Elements of the Department of Justice (DOJ) and FBI are under fire Friday following the release of the House Intelligence Committee’s hotly anticipated memo alleging bias and misconduct among officials investigating Trump campaign associates.

DOJ made its first public response to the developing controversy over the memo in the form of a sparse statement from the Attorney General about two hours after the memo hit the web.

“Congress has made inquiries concerning an issue of great importance for the country and concerns have been raised about the Department’s performance. I have great confidence in the men and women of this Department. But no Department is perfect,” Sessions told the press.
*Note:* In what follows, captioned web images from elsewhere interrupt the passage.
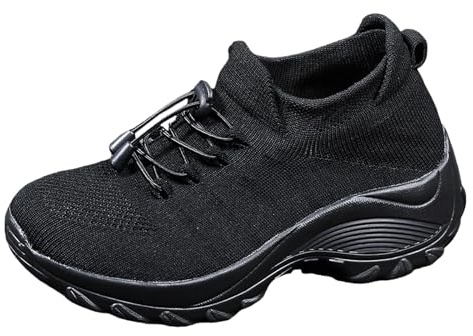 Zapatos Deportivos Calcetines Zapatos Zapatos para Feiwei Border Zapatos de tamaño Zapatos con balancín de tacón de cuña de Suela Gruesa para Mujer # L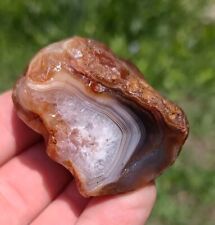 LAKE SUPERIOR AGATE 3.7OZ, COLORFUL SHADOW BANDED AGATE. DISPLAY PIECE  picture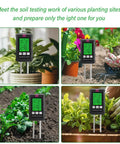 All In One 6 In 1 Soil Tester with pH Meter and LCD Display measures soil conditions in various garden setups, different views shown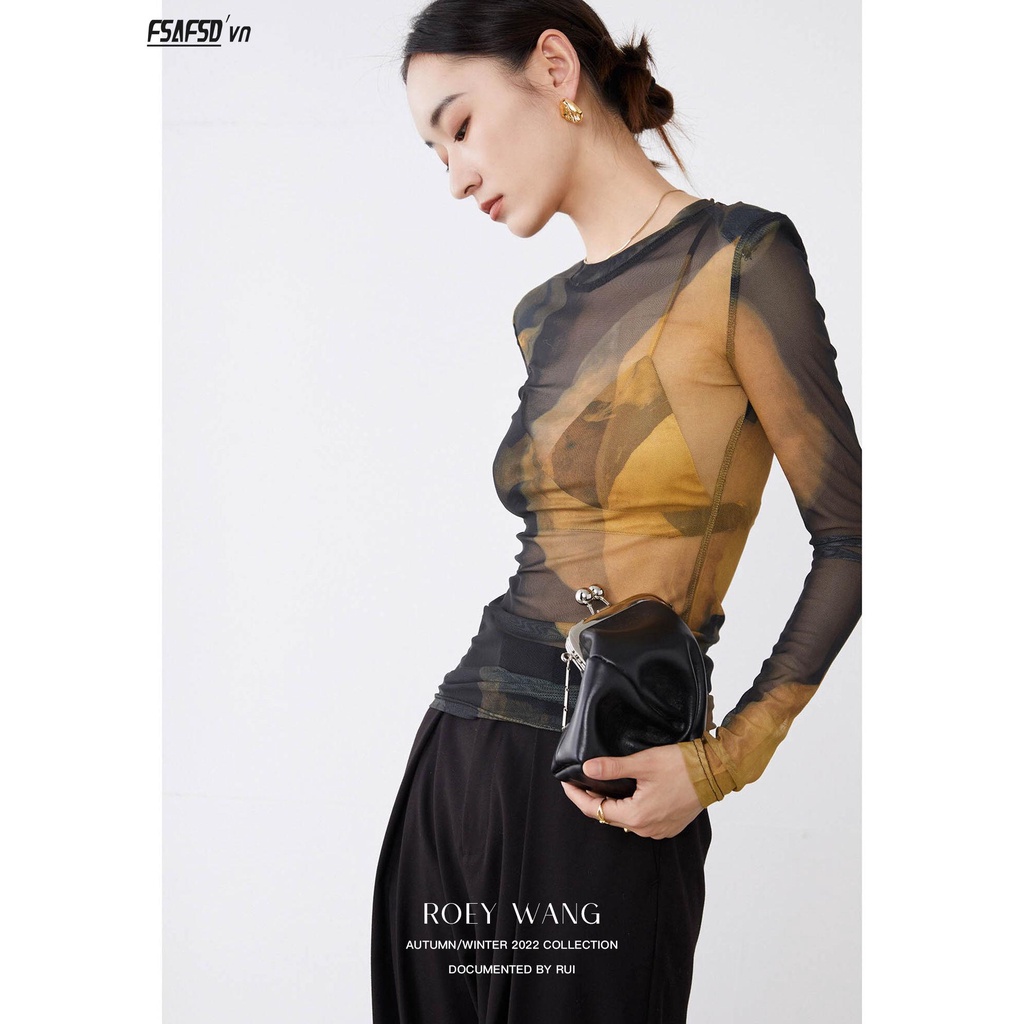 Áo Sơ Mi Dáng Ôm Co Giãn In Họa Tiết Xinh Xắn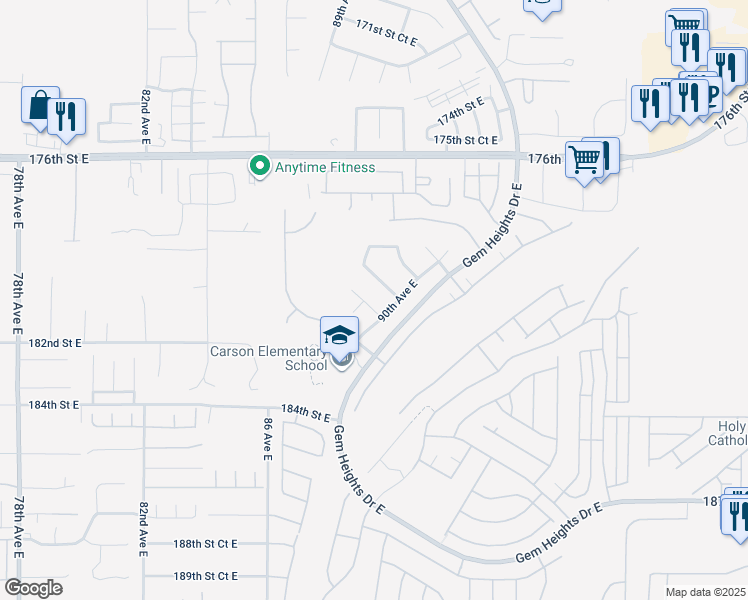 map of restaurants, bars, coffee shops, grocery stores, and more near 8915 181st Street East in Puyallup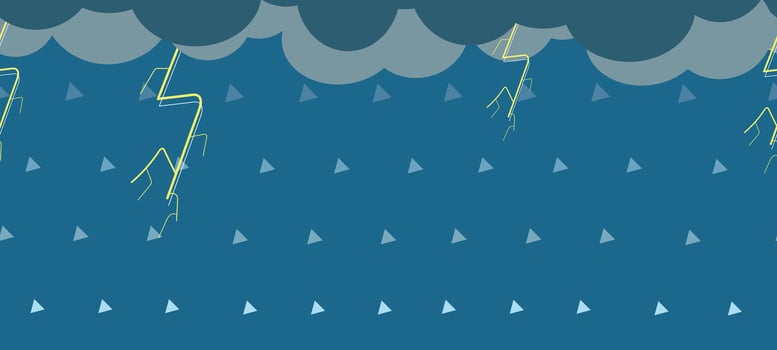 Sea waves and clouds. Vector horizontal landscape.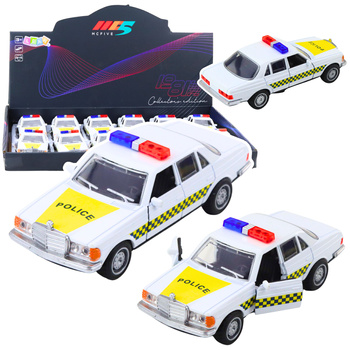 Classic Police Car Metal Drive Opening Doors White 1:32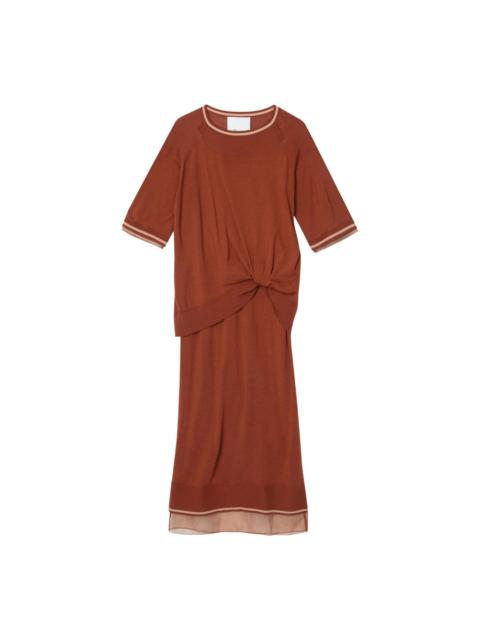 3.1 Phillip Lim French Tuck Knit Dress With Organza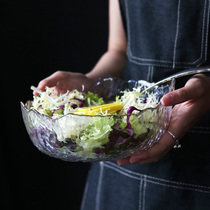 WUXIN salad bowl Glass bowl Cold noodle bowl Soup bowl thickened fruit dessert bowl Creative European large cooking bowl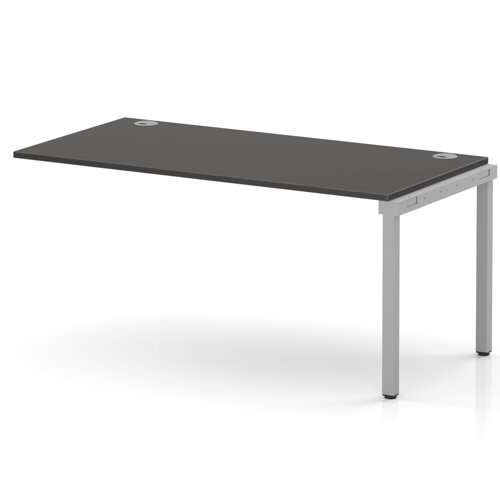 Impulse Bench Single Row Ext Kit 1600 Silver Frame Office Bench Desk Carbon Grey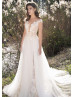 Beaded Ivory Tulle 3D Floral Appliques Wedding Dress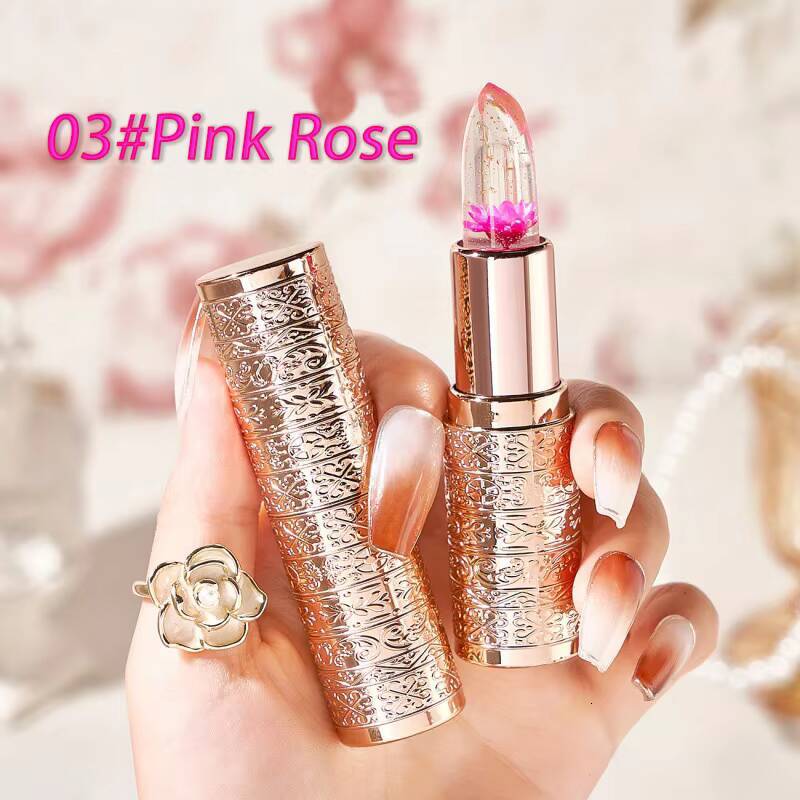 Temperature Color Changing Women Flower Lipstick Transparent Waterproof Moisturizing Crystal Jelly Pearlescent Lip Balm Cosmetic happy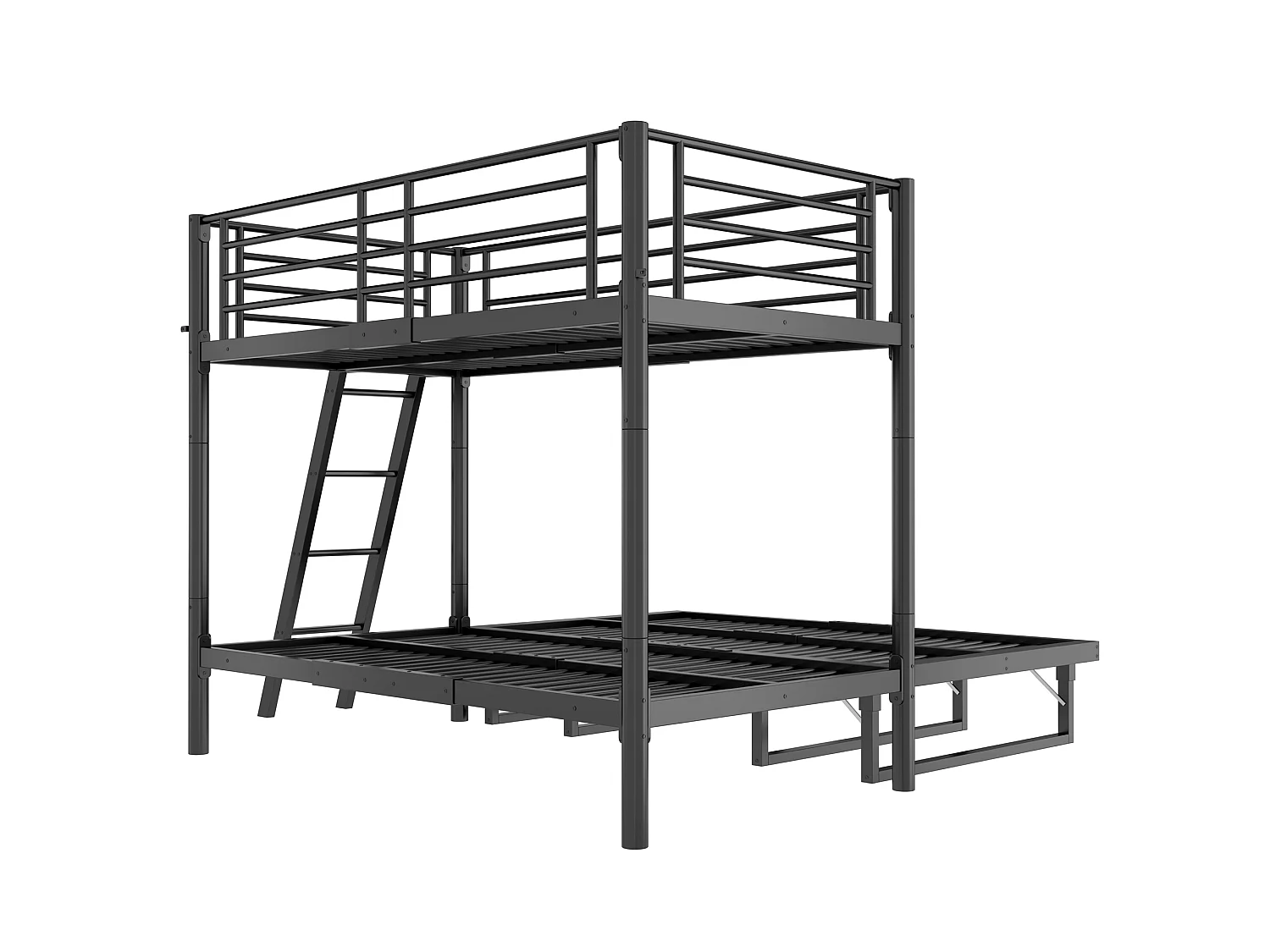 Stapelbed 2 x 90 x 200 cm met uitschuifbaar bed 90 x 190 cm - Metaal - Modulaire slaapopstelling - Zwart (matras niet inbegrepen)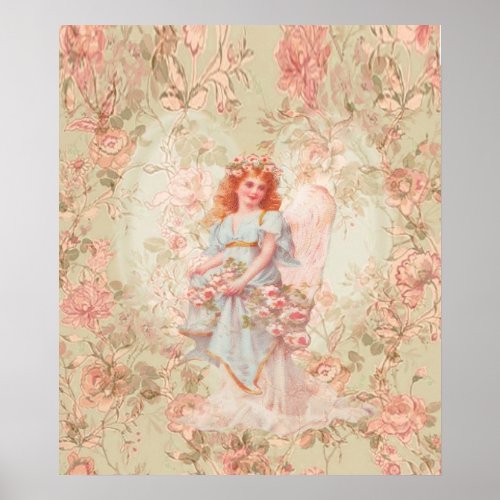 Flowers and Angel Vintage Collage Poster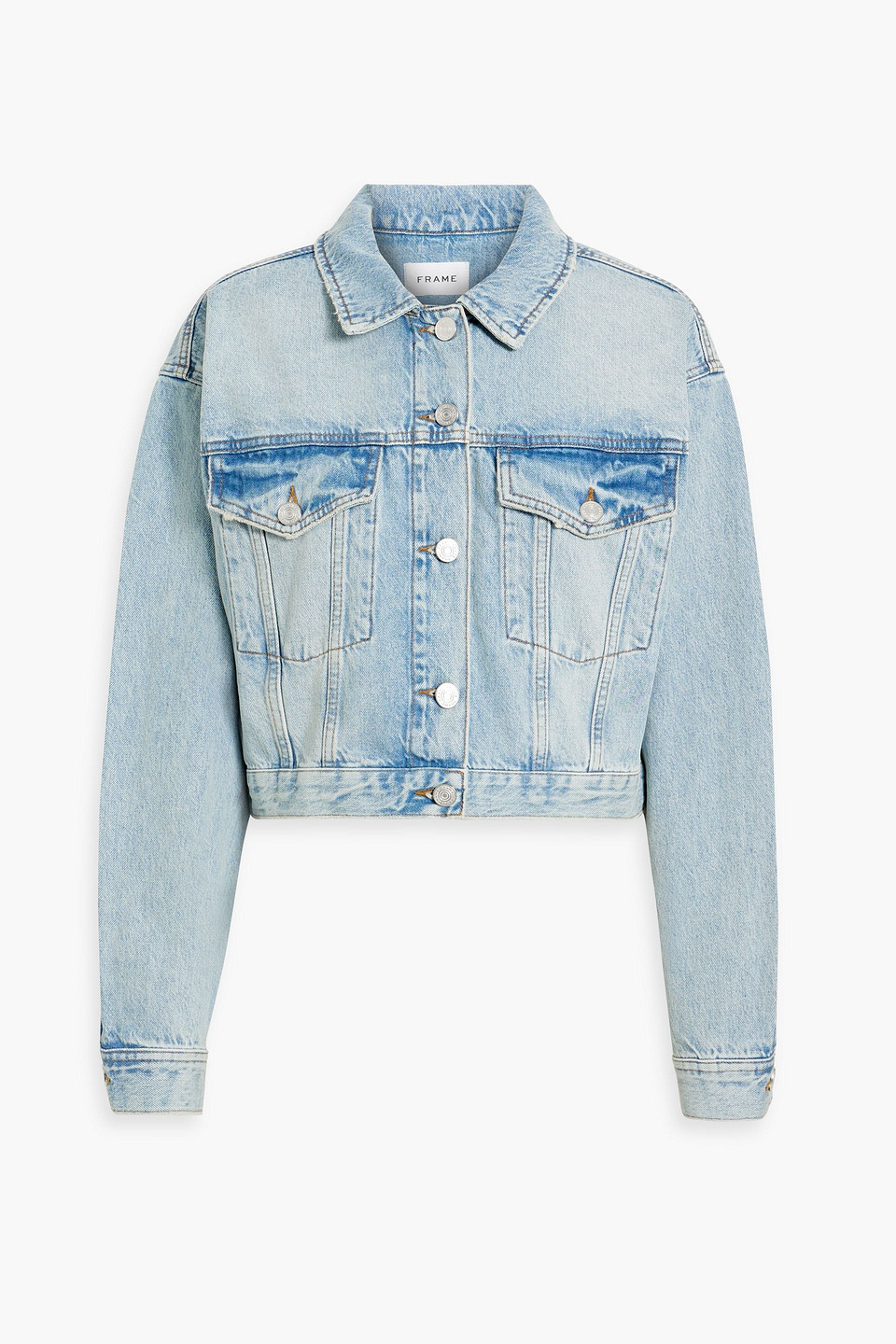 Shop Frame Cropped Faded Denim Jacket In Light Denim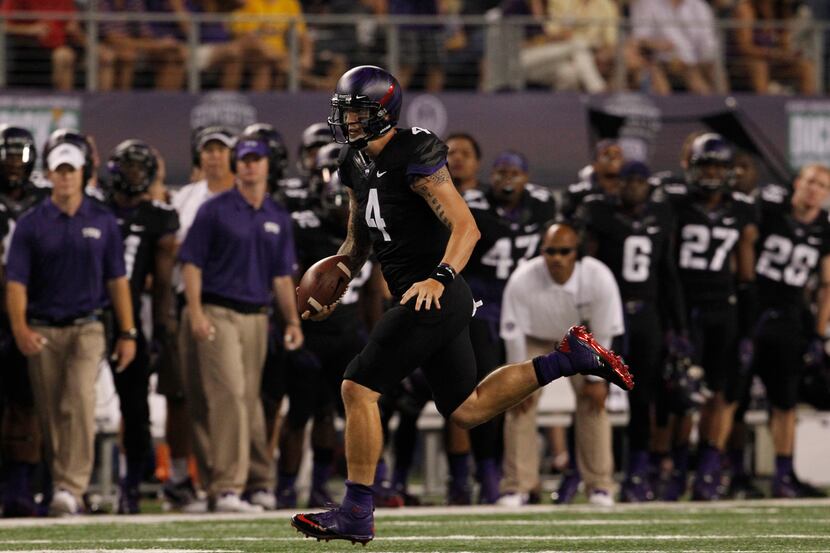 TCU Horned Frogs quarterback Casey Pachall (4) rushes against the LSU Tigers in the first...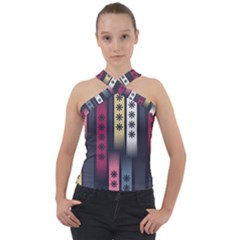 Non Seamless Pattern Background Cross Neck Velour Top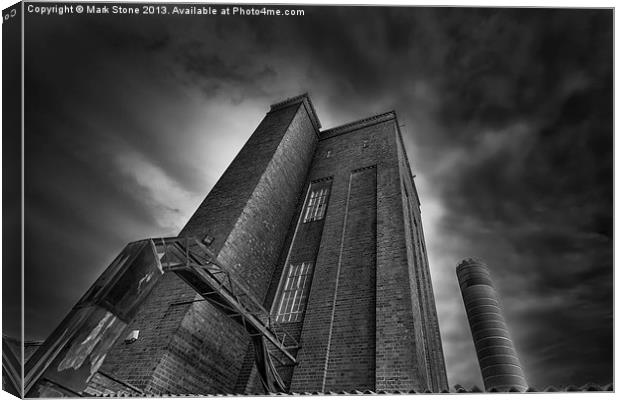 Ominous brick tower & chimney against stormy sky Canvas Print by Mark Stone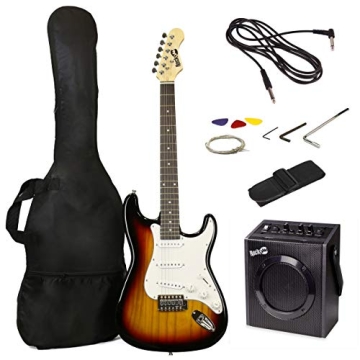 RockJam Electric Guitar Superkit with 10-watt Amp, Gig Bag, Picks & Online Lessons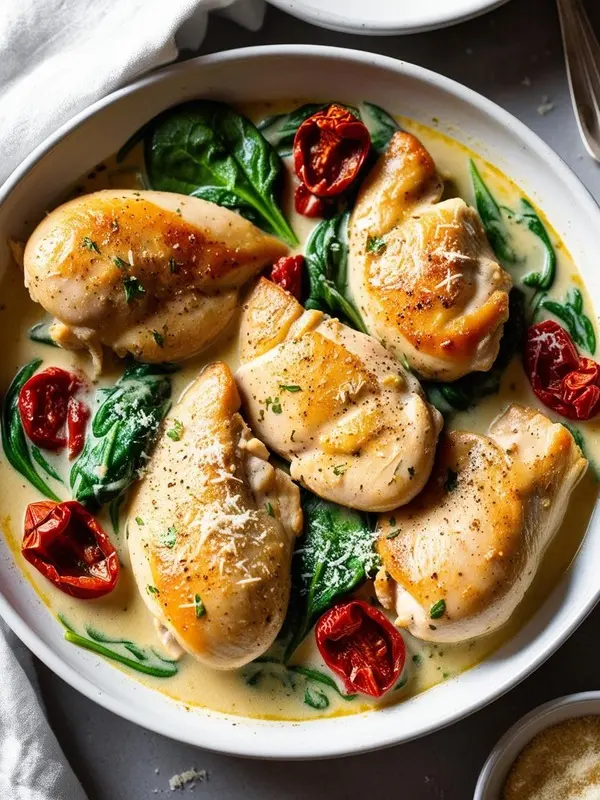a close-up overhead shot of creamy tuscan chicken in a white bowl. four golden-brown chicken breasts are nestled among wilted spinach and sun-dried tomatoes, all bathed in a creamy sauce. a fork rests on the side, and a beige condiment bowl is visible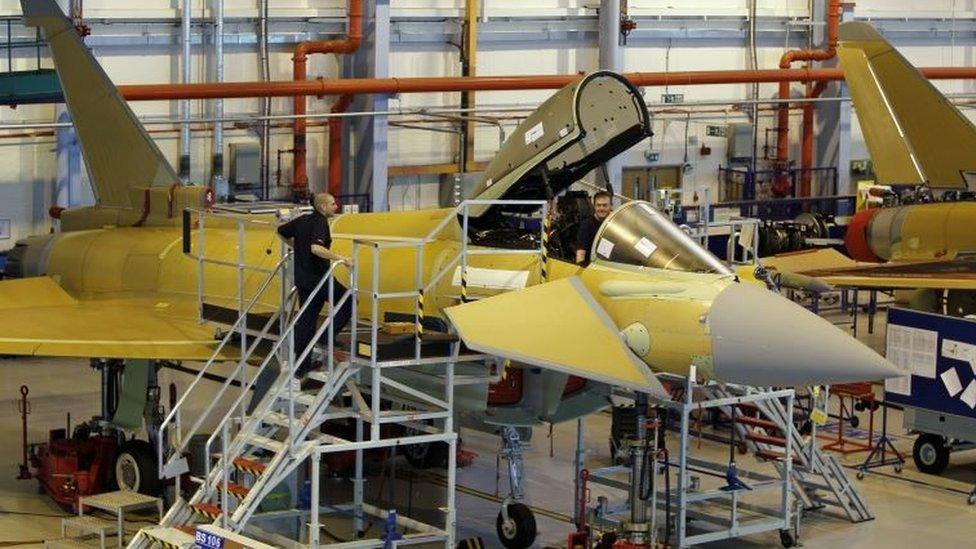 Employees at work on a Eurofighter Typhoon at BAE Systems, Warton Aerodrome in 2012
The attorney general then expressed a general commitment to cooperate with Congress on getting to the bottom of the memo’s allegations. “Accordingly, I will forward to appropriate DOJ components all information I receive from Congress regarding this.  I am determined that we will fully and fairly ascertain the truth,” he said. “We work for the American people and are accountable to them and those they have elected.  We will meet that responsibility.”

The statement’s measured response was in contrast to an outpouring of anger from the political right over the memo’s allegations of misconduct and political bias, especially against DOJ number two and, on account of Sessions’s recusal, head overseer of all investigations concerning the 2016 presidential election, Deputy Attorney General Rod Rosenstein.

Conservative group Tea Party Patriots, for example, marked the memo’s release with a YouTube video calling for Rosenstein to “do his job or resign.”

The call was echoed among right-leaning pundits on Twitter:

Last week, Sessions, the man who picked Rosenstein, appeared to address what it can now be inferred were the allegations in the memo, when he went far beyond his prepared remarks at what was supposed to be an address on immigration policy. At the time, Sessions gave a strong appeal to stick with established procedure and not get ahead of the law. He said at the time:

This is the system. It’s part of the process. We’re going to work our way through. We don’t see criticism from Congress as necessarily a bad thing. We welcome Congress as a partner in our effort to get better. When they learn of a problem and start asking questions – well that’s just a good thing. Sunlight is the best disinfectant.

Sessions then also expressed his support for “absolutely eliminating political bias or favoritism in either direction from our investigations and our prosecutions.”

“That sort of thinking is the antithesis of what our department stands for,” he said. “We will not tolerate it.”